Teaching TKAM: The Hard History of Lynching

If you teach To Kill A Mockingbird, you should teach the truth about lynching.

For the past two years, I have taken the opportunity of this book to tell students about my work with the Montgomery County Lynching Memorial Project. I give a presentation to all four sections of English that includes definitions of lynching, historical background including Black resistance to racial terror, and of course, the work of the Equal Justice Initiative and its grassroots partners like MoCoLMP. I emphasize the connections that lynching has modern injustices like police brutality and Black Lives Matter, as well as the remembrance and reconciliation processes in which I have had the honor to participate.

While the near lynching scene in TKAM is often taught as Scout’s “brave moment”, learning the truth about lynching allowed my students to see that she was more ignorant and lucky than brave, that Atticus was so very naïve about his hometown, and that Jem was the one who really knew what was up (have I mentioned I teach TKAM as a dystopia?

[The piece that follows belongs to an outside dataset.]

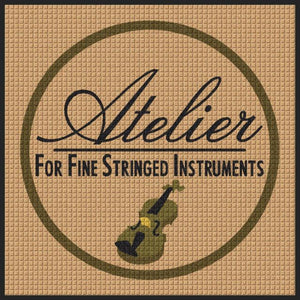 Atelier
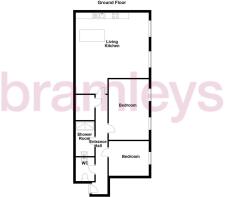 7 Cumin Court.JPG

More on that later). More importantly, it takes that scene at the jail out of the deep South of Alabama and places it right outside our doorstep. Because in Rockville, Maryland mobs of local residents really did snatch two men out of the county prison and there was no small child who stopped them.

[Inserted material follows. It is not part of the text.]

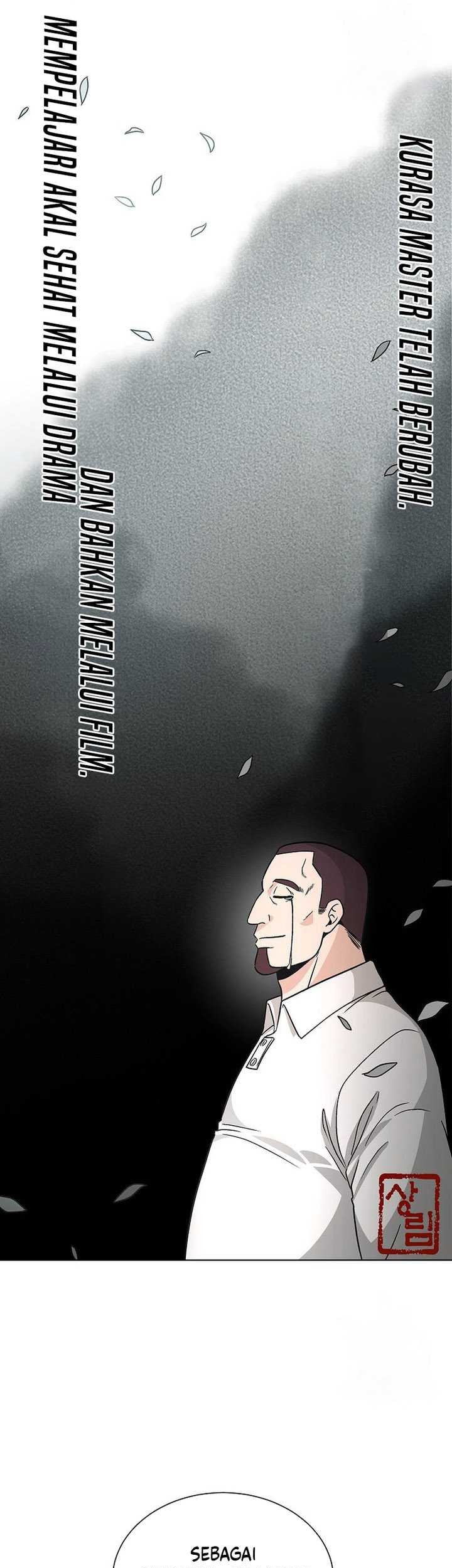 The Heavenly Demon Lord Who Doesn’t Want to Level Up Chapter 17 Gambar 32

If you live in a county with a lynching memorial project, contact them to see what educational materials they might have to share with you. If you live in or near Montgomery County, Maryland drop me a line, and I will gladly offer you a version of the presentation below:

AND if you are teaching about lynching, don’t forget to teach about Black resistance to lynching. I recommend this Crash Course Black History video on Ida B. Wells hosted by Clint Smith III, who wrote about our work in the Atlantic. You can never talk too much about Ms. Ida B. Wells, a hero for her time and ours.